Medical roundup

  • No, the federal court ruling in Texas isn’t likely to take down the Affordable Care Act / ObamaCare [Ilya Shapiro]
  • Should doctors exhort their patients to vote? Hell, no [Wesley J. Smith]
  • “Accutane Litigation Goes Out with a Bang, Not a Whimper” [James Beck, Drug & Device Law] “The Worst Prescription Drug/Medical Device Decisions of 2018” [same; plus the best]
  • Proposal for price controls on Medicare Part B might amount to drug reimportation lite [Roger Pilon] Canadian reimportation as shiny object [Beck]
  • The European Medicines Agency has approved the powerful new opioid Dsuvia, and FDA head Gottlieb made the right choice in following suit, Sen. Markey and Public Citizen notwithstanding [Jeffrey Singer, Cato]
  • “Your doctors didn’t jump out of business; they were pushed. And they were pushed by people way too convinced of their qualifications to redesign the world around them.” [J.D. Tuccille, Reason]

4 Comments

  • Roger Pilon correctly points out that the current drug pricing scheme effectively requires American payers to subsidize pharma R&D for the whole world. His solution to this is to move on and just accept this as a fact of life. Unless Cato and the Wall Street Journal have better answers, this problem will be addressed in ways that will be most unpleasant. As long as the United States spends far more as a share of GDP on health care than other advanced economies (just the difference is greater than the share our entire defense budget) without life expectancy and other measures showing better results, a better answer will have to be forthcoming or else Congress will mandate prices equal to those of Canada or the EU.

    • “Roger Pilon correctly points out that the current drug pricing scheme effectively requires American payers to subsidize pharma R&D for the whole world. His solution to this is to move on and just accept this as a fact of life.”

      There really is no other viable option.

      ” or else Congress will mandate prices equal to those of Canada or the EU”

      If the US Congress goes there, it will result in a massive reduction of privately funded pharma R&D. We either simply either do without new & better drugs or governments will have to step in and directly conduct/fund pharmaceutical R&D. The latter option, if put on the US alone is likely to cost far more in the long run than following Roger Pilon’s advice.

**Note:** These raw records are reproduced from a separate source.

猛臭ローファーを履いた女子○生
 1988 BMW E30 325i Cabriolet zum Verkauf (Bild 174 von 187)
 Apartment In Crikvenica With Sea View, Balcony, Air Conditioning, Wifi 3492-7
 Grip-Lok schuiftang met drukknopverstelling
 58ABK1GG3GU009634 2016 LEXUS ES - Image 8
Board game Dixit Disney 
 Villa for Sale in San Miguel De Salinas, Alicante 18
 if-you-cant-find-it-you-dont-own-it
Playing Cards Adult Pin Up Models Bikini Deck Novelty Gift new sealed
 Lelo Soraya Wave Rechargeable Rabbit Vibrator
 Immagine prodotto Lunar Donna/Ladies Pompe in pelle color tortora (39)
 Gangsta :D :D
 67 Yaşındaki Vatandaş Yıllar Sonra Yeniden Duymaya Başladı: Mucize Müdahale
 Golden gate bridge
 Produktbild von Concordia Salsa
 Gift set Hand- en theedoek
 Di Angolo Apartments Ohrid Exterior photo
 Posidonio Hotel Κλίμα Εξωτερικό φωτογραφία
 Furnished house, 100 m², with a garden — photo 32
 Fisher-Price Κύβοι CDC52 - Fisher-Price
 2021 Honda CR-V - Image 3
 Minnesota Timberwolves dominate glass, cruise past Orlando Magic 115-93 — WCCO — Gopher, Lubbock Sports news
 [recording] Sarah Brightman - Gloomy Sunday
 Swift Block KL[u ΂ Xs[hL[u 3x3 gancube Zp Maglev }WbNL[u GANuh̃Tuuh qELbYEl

    • Life expectancy numbers are skewed. If you take out violent deaths, the US looks much better. In many countries (like much of Europe), an infant does not count as a live birth until some days or weeks later, whereas in US it is live if it breathes at all on delivery. This makes US infant mortality look much worse.
      As to costs, many of the US costs are because we are rich. Conditions that in other countries they simply don’t treat, we do treat. A big part of our expenses is end of life care which in poorer countries does not happen. Finally, optional costs (lasik, cosmetic surgery) and physical therapy/artificial legs etc do not happen in other countries but we can afford them.

  • but new and better isn’t. It’s really cool when your physician bitches about drug patents being extended because of some new “obvious” use that was neither.